— Work order —
Looking at the records below, count how many lines contain the string "Exam". Give that number alone.

Crawled caption data:
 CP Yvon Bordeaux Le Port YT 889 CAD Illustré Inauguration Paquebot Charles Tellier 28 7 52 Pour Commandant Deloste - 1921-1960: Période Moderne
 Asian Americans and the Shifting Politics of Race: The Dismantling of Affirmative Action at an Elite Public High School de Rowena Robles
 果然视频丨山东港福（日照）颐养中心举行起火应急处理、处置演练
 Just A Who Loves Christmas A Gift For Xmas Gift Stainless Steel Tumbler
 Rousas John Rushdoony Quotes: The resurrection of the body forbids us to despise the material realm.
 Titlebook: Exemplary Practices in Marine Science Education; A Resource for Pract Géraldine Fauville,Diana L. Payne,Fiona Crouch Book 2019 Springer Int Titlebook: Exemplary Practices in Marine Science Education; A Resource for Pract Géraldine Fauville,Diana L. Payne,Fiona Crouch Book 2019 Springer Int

---

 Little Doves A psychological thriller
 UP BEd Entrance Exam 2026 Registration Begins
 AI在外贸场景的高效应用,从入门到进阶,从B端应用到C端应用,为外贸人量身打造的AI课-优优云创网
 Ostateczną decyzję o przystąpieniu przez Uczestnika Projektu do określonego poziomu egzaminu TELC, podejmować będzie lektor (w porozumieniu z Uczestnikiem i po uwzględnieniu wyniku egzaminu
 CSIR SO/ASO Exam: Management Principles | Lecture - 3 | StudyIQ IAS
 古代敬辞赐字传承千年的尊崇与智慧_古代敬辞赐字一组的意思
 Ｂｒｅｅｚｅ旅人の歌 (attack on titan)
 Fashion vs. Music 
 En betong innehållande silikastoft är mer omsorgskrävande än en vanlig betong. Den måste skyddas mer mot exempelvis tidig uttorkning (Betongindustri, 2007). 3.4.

— Written response —
2